Though the cause of nausea and vomiting is not clearly known, different influencing
factors are suggested including multifetal pregnancy, dysfunction of digestive
system, hormonal changes, disorder in vestibular system and Helicobacter pylori
infection (Quinlan and Hill, 2003; Jamal
et al., 2004; Fejzo et al., 2008;
Goodwin et al., 2008; Vikanes
et al., 2010). Hyperemesis gravidarum could be hereditary and it
is common among girls whose mothers experienced the same complication during
pregnancy (Vikanes et al., 2010).
As taking chemical drugs during pregnancy could be risky, decreasing of symptoms
through non-medicinal actions like taking rest, eating small pieces of bread
during the day, having small but frequent meals and avoiding tasty, oily and
fried foods, is more suggested (Jueckstock et al.,
2010; Mylonas et al., 2007). Antihistamine,
Vitamin B6 and metoclopramide are the other suggested medicines, however taking
most of these drugs during pregnancy may have side effects and they are not
among Group A drugs (Jueckstock et al., 2010; Quinlan
and Hill, 2003; King and Murphy, 2009). Herbal medicine
may have good effects (Karim et al., 2011). Ginger
is used as a common herbal medicine in different countries and it could be effective
in curing this complication (Jewell, 2003; Quinlan
and Hill, 2003; Willetts et al., 2003). Willetts
et al. (2003) demonstrated that ginger can reduce nausea and it does
not affect embryo. Nevertheless, the effect of this herbal medicine is still
controversial and needs further researches (Borrelli et
There is no study comparing the effects of using ginger and metoclopramide on treatment of pregnancy nausea. This study assesses the effects of ginger on nausea and vomiting caused by pregnancy and compares it with metoclopramide medicine.
MATERIALS AND METHODS
This study was a randomized double-blind controlled trial, which conducted
after verification by ethical committee of Kurdistans University of Medical
sciences. All women who passed less than 20 weeks of pregnancy, referred to
Besat Hospital, were assessed. Main outcome was vomiting and nausea severity
that assessed by Rhodes Index. Considering δ = 3.5, α = 5%, β
= 10% and d = 3, the population size was calculated as 28 participants in each
group; considering a down flow of 20%, 34 participants were included in each
Patients were visited by gynecologists and medical examination and test were taken to find other diseases and to rule out twin pregnancy pregnancies and pregnancy complications. The tests included blood glucose, hepatic and pancreatic enzyme. After diagnosing vomiting and nausea and fulfilling inclusion criteria, participants were entered in the study. Inclusion criteria were: a single pregnancy and inefficacy of food regimens in controlling vomiting and nausea. Exclusion criteria were: suffering from other diseases that need drugs for treatment, hepatitis, gastritis, rise of intra cranial pressure and pancreatitis, side effects caused by ginger intolerance, metoclopramide side effects (extra pyramidal side effects) and pregnancy side effects like abortion risk, bleeding and pyelonephritis. After signing informed consent form, patients were divided into three groups based on random block allocation (Fig. 1).

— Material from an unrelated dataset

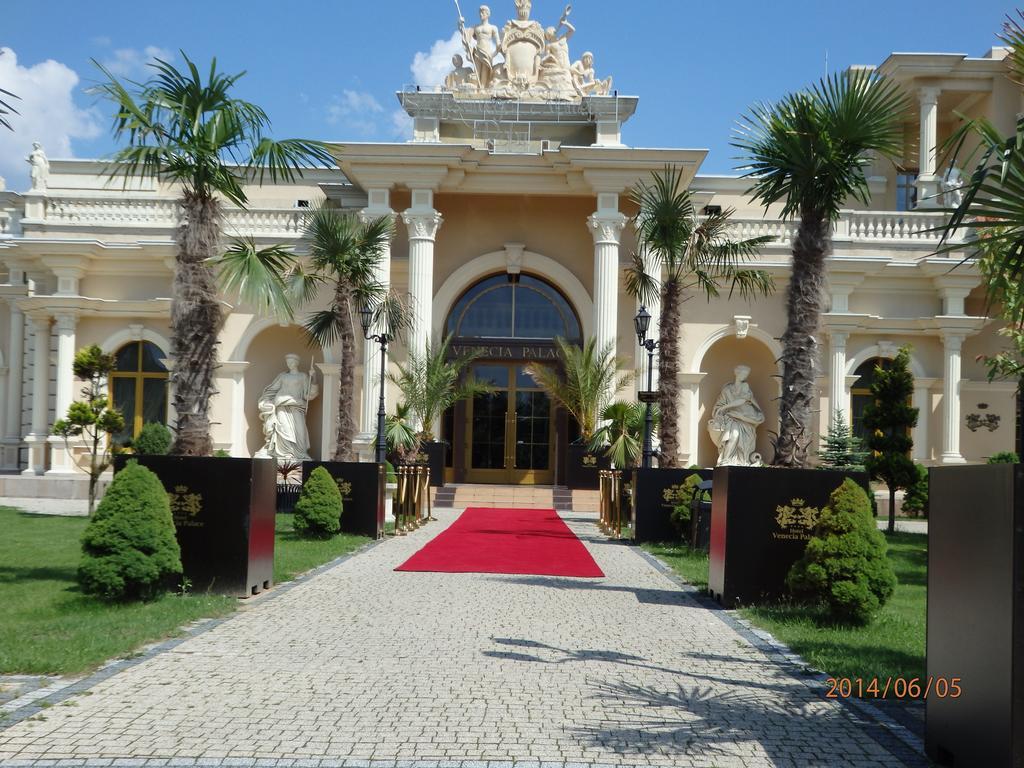 Hotel Venecia Palace Michałowice Dış mekan fotoğraf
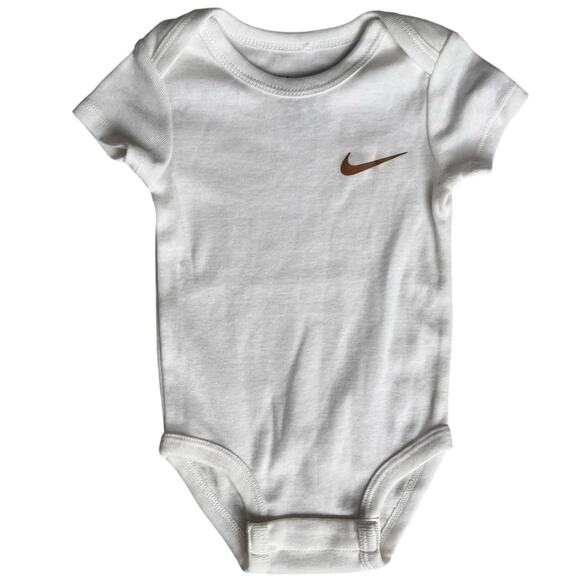 NEW Nike Baby One Piece Bodysuit 6M 62-68cm White w Gold/Tan Swoosh Snap Bottom - Picture 1 of 6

The main tools of data collection were two questionnaires; a questionnaire for demographic and background data and Rhodes Index questionnaire for assessment of nausea, vomiting and retching. The questionnaire was translated into Persian and face validity of translated form was confirmed by a group of gynecologists. Its reliability and validity was assessed using 30 patients and its Cronbach's alpha was calculated as 0.87.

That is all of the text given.